He circles his prey, spryly changing directions in an instant and covering the entire ring with fancy footwork. A battle is waging, but he looks calm and relaxed, completely secure in the knowledge that he’ll wind up victorious against the entrenched champion.
A few light jabs shoot out to test the waters. One lands on the chin, momentarily halting the progress of his opponent. He feints another jab and tosses a devastating haymaker. It connects, down goes the incumbent. We have a new champ.
That description could cover really any one of Conor McGregor’s three title fights in the UFC, all of which he won by brutal stoppage. But strangely enough, you could also apply it to the ongoing brawl between streaming and traditional television.
Linear TV is bleeding viewers as streaming platforms continue to attract more and more audiences. And now, with the UFC’s television deal with Fox set to expire after this year, streaming has another opportunity to deliver a knock out blow. The major streamers have proven they can build audiences and keep viewers engaged with original content, now the next step is to start stealing away live events, the last remaining vestige of hope, from the old guard.
Take a look at how significantly television has changed in terms of raw numbers.
Back in 2002, Friends was dominating the weekly schedule with 24.5 million viewers, ER was pulling in 22.1 million sans George Clooney and The West Wing was averaging 17.2 million viewers. Today, television’s most popular series are The Big Bang Theory (14.4 million), This Is Us (11.3 million) and Bull (10.5 million).
Subscription numbers tell the story more pointedly: Netflix (55 million U.S. subscribers), Amazon (an estimated 25 million Prime Video users) and Hulu (17 million subscribers worldwide) are all growing at astonishingly fast rates. Estimates peg U.S. cable customers at just under 50 million and shrinking. Fast.
Streaming has already begun the invasion of live events with Amazon’s previous co-broadcasts of Thursday Night Football and last week’s announcement that they will offer UFC pay-per-view events.
Now it’s time to take the next step.
“High-quality live events draw huge audience potential,” Jim Fosina, Founder and CEO of Fosina Marketing Group, told Observer. “Take a look at the big winners in the most recent Olympics. Brands that were adjacent to these live streaming events were the big winners.”
He continued: “Streaming vendors are chomping at the bit to get access, preferably exclusive, to hot live events to generate an audience and build strong advertising opportunities.”
Though live events such as the Super Bowl and presidential addresses have seen dips in ratings recently, they remain one of traditional TV’s last chunk audience attractors. Much has been made about the NFL’s drop in viewership, but Fox still shelled out north of $3 billion for the rights to TNF. Broadcast networks need live event programming to survive, which is exactly why streaming should make a move for the UFC’s rights.
“It strikes a blow to traditional TV by grabbing one of the most attractive programming components available in the market today [live events],” Fosina explained. “Broadcasters are paying big bucks for access to this content… Advertisers will pay for audience engagement.
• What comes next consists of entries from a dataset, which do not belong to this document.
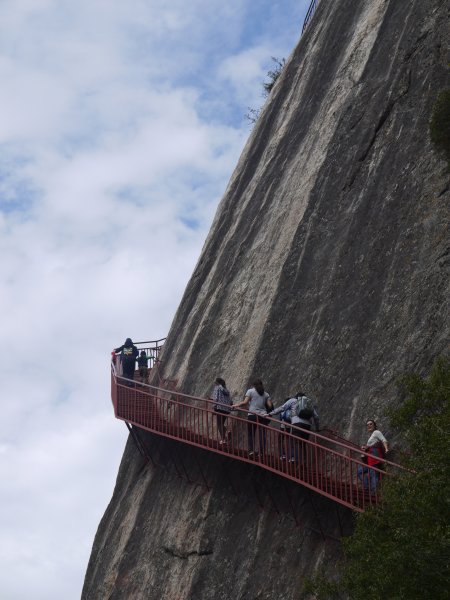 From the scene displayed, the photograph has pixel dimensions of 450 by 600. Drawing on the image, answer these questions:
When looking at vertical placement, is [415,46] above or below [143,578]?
above

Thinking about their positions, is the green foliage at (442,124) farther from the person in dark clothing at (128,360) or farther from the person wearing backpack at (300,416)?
the person in dark clothing at (128,360)

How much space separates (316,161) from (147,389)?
8866 millimetres

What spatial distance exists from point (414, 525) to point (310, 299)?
11.1 metres

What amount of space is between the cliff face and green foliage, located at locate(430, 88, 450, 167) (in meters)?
0.51

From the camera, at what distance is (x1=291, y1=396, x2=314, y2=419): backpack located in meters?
20.8

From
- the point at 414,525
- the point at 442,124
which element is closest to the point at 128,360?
the point at 442,124

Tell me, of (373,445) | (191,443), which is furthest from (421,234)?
(191,443)

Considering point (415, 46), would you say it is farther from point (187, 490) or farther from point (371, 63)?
point (187, 490)

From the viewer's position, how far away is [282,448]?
70.2ft

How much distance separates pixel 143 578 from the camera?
26.0 m

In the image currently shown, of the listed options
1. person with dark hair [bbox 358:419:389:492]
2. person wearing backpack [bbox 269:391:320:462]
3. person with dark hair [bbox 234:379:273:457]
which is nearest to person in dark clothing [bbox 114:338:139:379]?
person with dark hair [bbox 234:379:273:457]

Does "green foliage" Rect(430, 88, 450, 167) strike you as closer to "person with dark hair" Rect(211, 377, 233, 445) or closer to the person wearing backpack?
the person wearing backpack

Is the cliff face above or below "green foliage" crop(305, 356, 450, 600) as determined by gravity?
above

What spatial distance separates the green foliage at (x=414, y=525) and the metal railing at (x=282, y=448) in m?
1.07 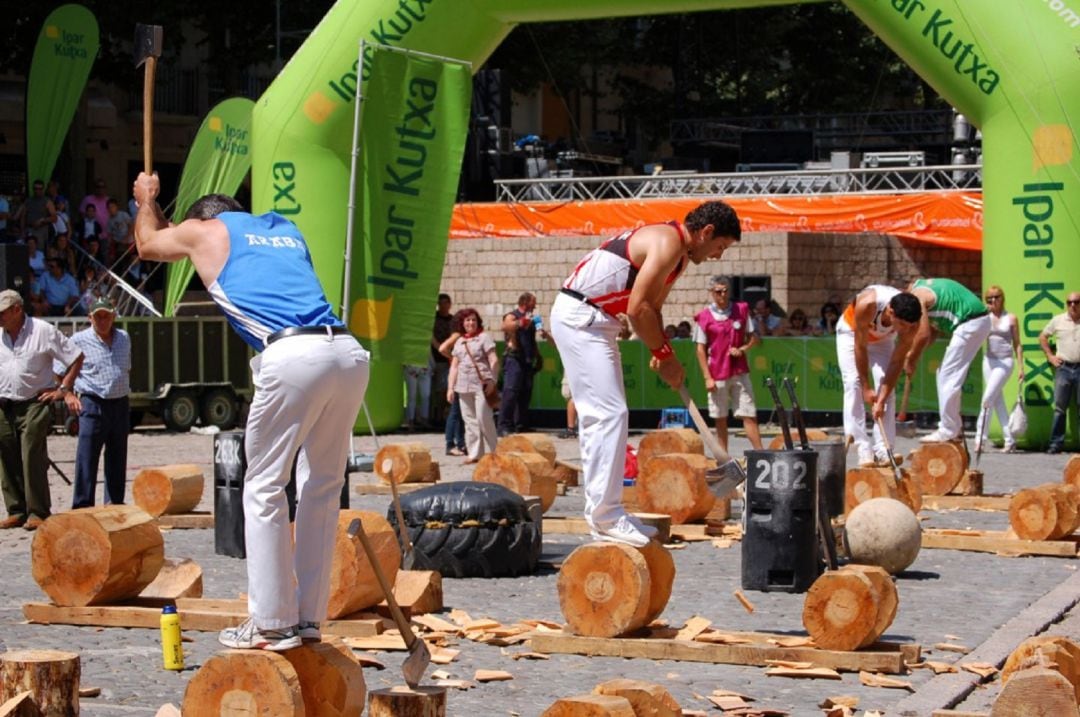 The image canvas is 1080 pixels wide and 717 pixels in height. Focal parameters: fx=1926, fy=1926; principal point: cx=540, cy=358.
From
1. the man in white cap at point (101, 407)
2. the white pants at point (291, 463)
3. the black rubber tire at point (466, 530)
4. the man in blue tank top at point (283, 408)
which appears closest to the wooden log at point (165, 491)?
the man in white cap at point (101, 407)

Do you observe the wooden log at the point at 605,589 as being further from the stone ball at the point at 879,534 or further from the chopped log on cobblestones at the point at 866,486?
the chopped log on cobblestones at the point at 866,486

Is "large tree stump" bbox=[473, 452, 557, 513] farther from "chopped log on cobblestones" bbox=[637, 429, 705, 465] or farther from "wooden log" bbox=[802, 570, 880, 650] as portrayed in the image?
"wooden log" bbox=[802, 570, 880, 650]

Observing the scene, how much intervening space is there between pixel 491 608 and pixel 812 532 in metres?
1.83

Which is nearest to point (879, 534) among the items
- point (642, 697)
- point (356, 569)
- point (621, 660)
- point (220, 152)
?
point (621, 660)

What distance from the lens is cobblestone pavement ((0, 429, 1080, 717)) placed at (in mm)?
7820

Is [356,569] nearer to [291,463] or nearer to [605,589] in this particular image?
[605,589]

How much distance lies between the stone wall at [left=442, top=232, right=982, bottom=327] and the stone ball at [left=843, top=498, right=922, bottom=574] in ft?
57.3

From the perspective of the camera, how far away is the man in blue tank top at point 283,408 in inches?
268

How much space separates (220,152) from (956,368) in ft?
35.5

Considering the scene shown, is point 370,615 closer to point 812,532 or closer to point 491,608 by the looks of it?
point 491,608

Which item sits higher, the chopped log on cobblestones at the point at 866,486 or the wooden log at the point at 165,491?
the chopped log on cobblestones at the point at 866,486

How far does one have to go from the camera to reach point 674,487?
1386 cm

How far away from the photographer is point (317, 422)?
22.9 feet

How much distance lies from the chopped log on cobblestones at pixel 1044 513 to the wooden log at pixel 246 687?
25.2 ft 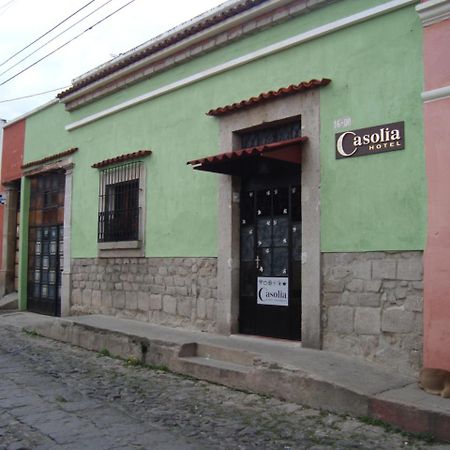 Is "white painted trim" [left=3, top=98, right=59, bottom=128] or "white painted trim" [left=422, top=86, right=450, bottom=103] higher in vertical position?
"white painted trim" [left=3, top=98, right=59, bottom=128]

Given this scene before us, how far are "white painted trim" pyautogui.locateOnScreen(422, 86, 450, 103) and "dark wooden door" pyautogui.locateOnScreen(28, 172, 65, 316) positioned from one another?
8.60 metres

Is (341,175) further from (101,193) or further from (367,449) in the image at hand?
(101,193)

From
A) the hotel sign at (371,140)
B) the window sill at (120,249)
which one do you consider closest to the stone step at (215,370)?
the hotel sign at (371,140)

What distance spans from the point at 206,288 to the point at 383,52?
157 inches

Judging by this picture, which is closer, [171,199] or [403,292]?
[403,292]

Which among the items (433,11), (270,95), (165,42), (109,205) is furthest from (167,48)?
(433,11)

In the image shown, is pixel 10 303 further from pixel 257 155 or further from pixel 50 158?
pixel 257 155

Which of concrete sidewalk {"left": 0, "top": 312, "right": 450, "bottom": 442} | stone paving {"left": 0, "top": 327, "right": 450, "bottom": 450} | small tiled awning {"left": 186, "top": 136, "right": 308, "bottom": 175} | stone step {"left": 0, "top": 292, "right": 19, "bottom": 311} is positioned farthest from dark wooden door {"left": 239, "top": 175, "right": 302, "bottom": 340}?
stone step {"left": 0, "top": 292, "right": 19, "bottom": 311}

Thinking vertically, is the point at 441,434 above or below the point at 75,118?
below

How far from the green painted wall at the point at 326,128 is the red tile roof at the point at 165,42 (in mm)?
416

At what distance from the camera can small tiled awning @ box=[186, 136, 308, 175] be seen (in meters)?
6.34

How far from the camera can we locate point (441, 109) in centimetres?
533

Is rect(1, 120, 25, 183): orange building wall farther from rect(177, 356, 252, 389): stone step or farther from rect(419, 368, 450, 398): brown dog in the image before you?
rect(419, 368, 450, 398): brown dog

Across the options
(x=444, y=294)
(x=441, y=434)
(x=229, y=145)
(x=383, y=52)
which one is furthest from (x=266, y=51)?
(x=441, y=434) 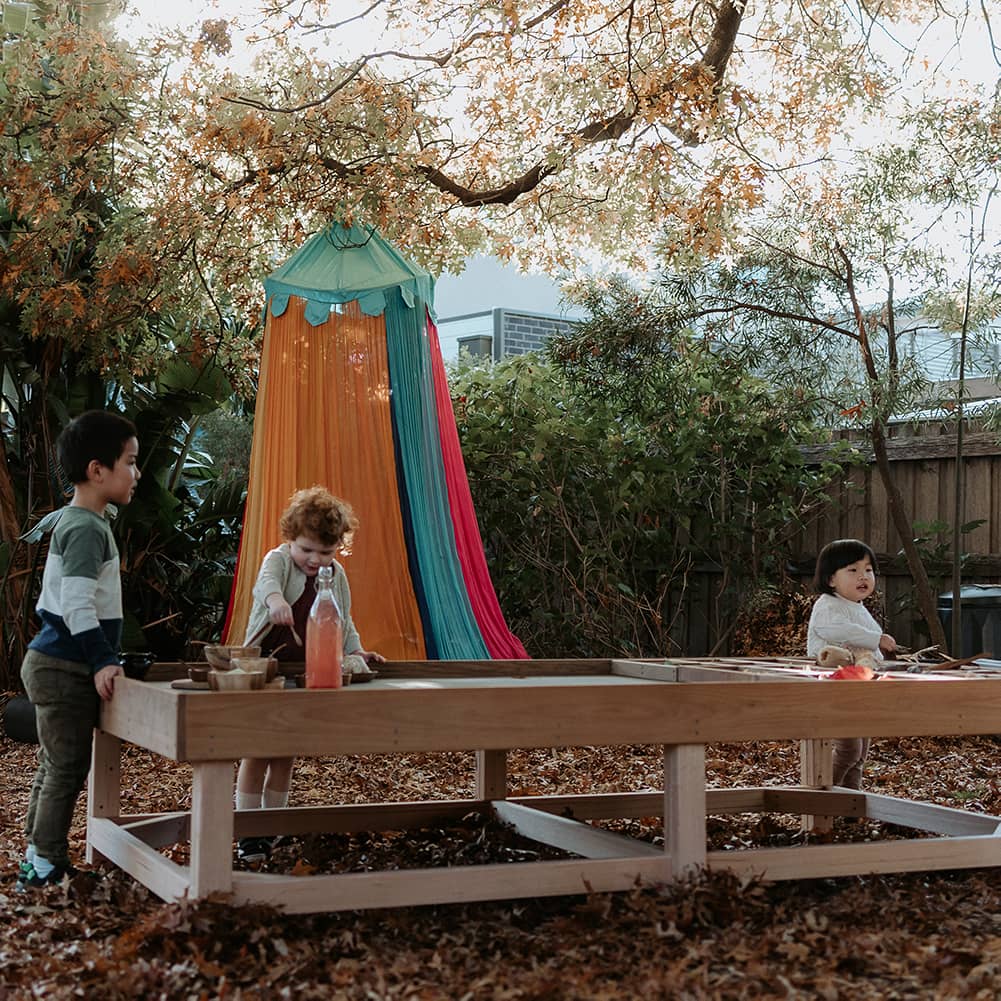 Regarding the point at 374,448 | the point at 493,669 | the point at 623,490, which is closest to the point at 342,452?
the point at 374,448

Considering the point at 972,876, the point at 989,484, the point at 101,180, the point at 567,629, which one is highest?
the point at 101,180

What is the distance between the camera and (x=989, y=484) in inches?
245

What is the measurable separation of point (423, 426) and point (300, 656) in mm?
2426

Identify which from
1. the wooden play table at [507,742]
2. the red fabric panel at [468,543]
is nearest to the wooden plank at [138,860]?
the wooden play table at [507,742]

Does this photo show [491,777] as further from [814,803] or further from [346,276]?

Live content supplements already rich programming and will eventually be a big winner for the streaming services.”
Scale is the name of the game in entertainment right now. It’s why Disney is acquiring Fox for more than $52 billion, it’s why Sony may be the next major studio to sell off and it’s why Apple is sniffing around major assets as it has hundreds of billions of dollars in overseas money to offload.
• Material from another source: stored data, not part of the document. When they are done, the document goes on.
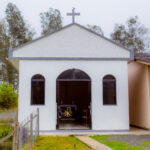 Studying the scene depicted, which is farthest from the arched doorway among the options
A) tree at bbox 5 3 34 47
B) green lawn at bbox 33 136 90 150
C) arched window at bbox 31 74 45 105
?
tree at bbox 5 3 34 47

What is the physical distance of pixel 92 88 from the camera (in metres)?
11.9

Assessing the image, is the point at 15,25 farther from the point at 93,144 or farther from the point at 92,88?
the point at 93,144

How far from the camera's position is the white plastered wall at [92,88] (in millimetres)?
11578

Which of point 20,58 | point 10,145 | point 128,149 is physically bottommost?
point 128,149

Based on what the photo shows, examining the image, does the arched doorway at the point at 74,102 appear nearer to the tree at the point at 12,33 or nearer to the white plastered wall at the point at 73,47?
the white plastered wall at the point at 73,47

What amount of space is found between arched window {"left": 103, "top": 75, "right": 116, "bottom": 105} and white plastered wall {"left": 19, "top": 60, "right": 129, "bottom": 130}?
0.63ft

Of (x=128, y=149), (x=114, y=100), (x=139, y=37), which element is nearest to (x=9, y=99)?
(x=114, y=100)

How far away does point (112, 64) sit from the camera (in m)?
12.1

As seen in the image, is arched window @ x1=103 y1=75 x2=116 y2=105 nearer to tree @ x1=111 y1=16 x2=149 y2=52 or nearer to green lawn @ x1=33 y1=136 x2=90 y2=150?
green lawn @ x1=33 y1=136 x2=90 y2=150

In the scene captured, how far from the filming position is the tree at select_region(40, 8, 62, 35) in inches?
1432

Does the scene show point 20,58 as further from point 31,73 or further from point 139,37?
point 139,37

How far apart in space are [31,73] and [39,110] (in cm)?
179

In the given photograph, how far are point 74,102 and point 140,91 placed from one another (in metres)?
6.04

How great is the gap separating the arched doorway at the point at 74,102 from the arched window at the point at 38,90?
0.76m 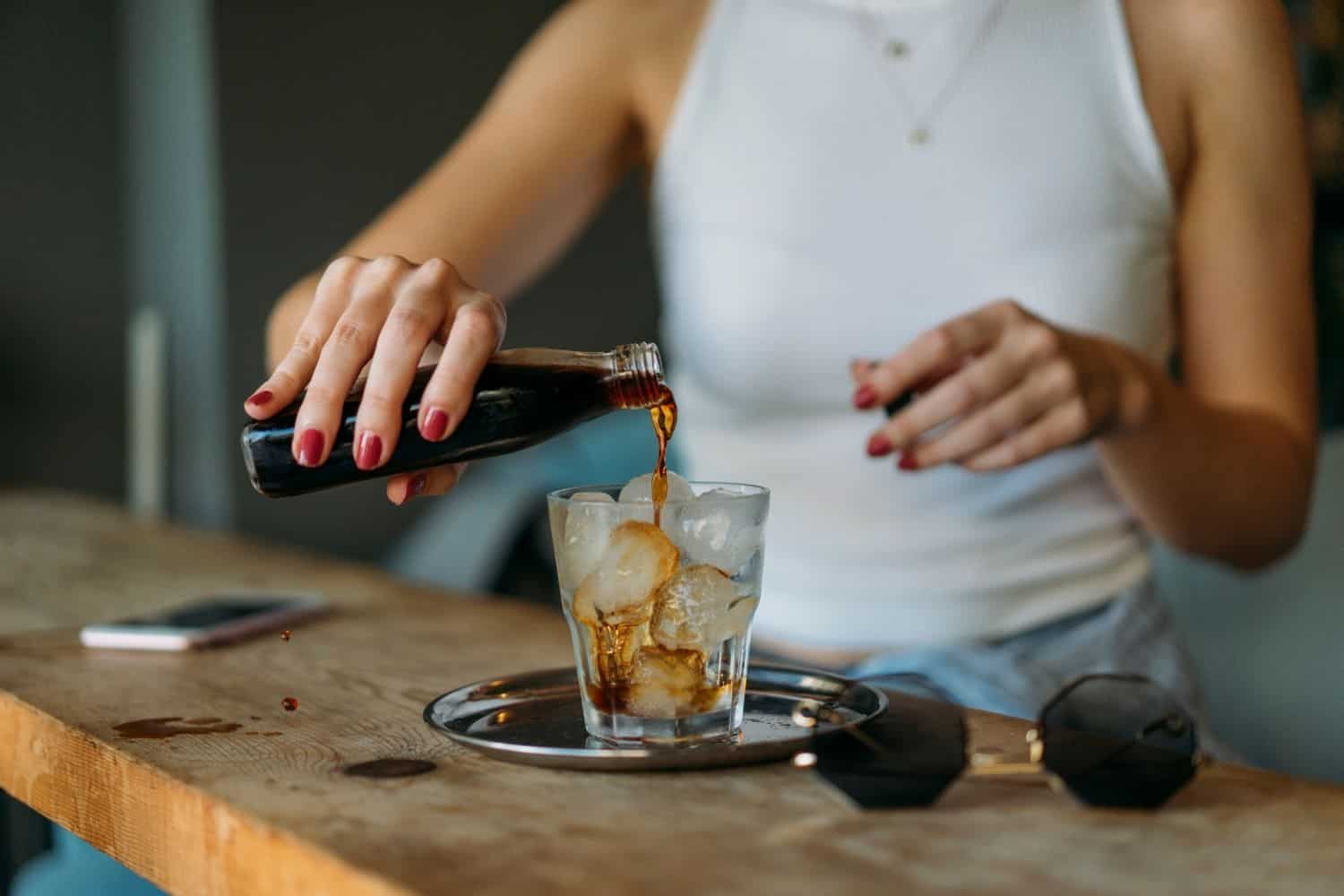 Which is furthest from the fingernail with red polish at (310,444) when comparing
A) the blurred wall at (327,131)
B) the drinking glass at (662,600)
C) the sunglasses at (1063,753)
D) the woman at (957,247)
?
the blurred wall at (327,131)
Content platforms need valuable IP properties to attract viewers and the UFC, despite a recent ratings drop, fits the bill.
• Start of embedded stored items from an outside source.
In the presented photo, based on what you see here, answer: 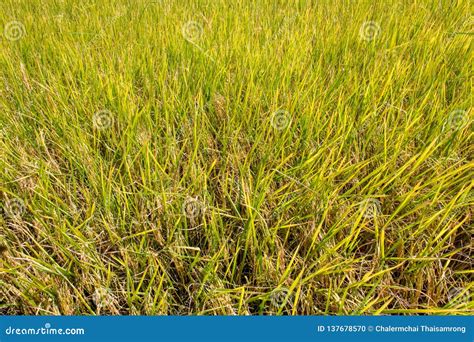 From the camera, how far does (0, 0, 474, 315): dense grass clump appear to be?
29.5 inches

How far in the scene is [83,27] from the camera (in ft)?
5.44

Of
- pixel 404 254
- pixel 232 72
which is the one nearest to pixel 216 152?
pixel 232 72

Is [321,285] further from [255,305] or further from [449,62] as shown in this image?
[449,62]

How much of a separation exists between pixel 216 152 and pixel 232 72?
417 millimetres

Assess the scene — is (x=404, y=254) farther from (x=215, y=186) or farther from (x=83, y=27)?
(x=83, y=27)

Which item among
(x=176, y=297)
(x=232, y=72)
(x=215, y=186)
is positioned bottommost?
(x=176, y=297)

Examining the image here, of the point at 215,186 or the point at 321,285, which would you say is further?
the point at 215,186

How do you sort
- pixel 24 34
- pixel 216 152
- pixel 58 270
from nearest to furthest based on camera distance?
pixel 58 270
pixel 216 152
pixel 24 34

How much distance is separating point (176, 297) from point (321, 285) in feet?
1.05

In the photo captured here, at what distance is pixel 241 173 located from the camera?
34.4 inches

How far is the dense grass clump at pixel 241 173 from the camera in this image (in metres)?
0.75

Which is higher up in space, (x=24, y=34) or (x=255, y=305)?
(x=24, y=34)

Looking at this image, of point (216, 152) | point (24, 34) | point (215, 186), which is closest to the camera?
point (215, 186)

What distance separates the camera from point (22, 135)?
1.05 metres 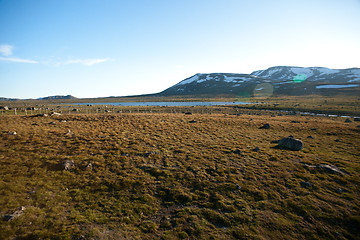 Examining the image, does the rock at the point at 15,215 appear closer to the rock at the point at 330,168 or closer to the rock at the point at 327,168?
the rock at the point at 327,168

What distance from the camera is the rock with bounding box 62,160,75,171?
15.1 meters

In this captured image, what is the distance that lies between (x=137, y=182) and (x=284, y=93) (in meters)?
216

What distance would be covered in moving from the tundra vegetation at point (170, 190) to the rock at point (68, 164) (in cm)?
11

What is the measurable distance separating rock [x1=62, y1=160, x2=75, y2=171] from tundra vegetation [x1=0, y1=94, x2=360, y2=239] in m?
0.11

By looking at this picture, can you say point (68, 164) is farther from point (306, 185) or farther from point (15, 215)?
point (306, 185)

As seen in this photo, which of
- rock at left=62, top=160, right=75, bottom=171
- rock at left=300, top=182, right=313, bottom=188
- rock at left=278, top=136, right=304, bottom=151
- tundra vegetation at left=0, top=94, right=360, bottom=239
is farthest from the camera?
rock at left=278, top=136, right=304, bottom=151

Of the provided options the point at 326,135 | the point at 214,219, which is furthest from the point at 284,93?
the point at 214,219

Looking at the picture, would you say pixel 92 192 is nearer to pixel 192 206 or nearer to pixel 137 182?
pixel 137 182

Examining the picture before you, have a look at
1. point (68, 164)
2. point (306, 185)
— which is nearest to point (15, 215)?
point (68, 164)

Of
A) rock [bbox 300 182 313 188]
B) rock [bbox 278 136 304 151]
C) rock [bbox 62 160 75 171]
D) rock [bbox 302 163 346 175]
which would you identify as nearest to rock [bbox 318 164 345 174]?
rock [bbox 302 163 346 175]

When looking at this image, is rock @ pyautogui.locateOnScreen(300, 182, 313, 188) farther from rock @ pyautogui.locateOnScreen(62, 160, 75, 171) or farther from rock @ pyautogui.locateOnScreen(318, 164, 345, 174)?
rock @ pyautogui.locateOnScreen(62, 160, 75, 171)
The first UFC event on Fox in 2012 drew 4.37 million viewers on average, but since then, viewership has settled right around two million per event. Numbers like that aren’t going to drop traditional television overnight, but it will offer a nice boost to a new target audience. More importantly, it will plant the seed of major live events migrating to streaming while altering the perception of what online platforms can provide customers.
“As far as reaching the widest audience possible, traditional television is still the best means of doing so,” SBNation’s John Nash told Observer. “But I think the UFC is worried less about reaching as big an audience as possible as it is making as much money as it can off its next TV deal.”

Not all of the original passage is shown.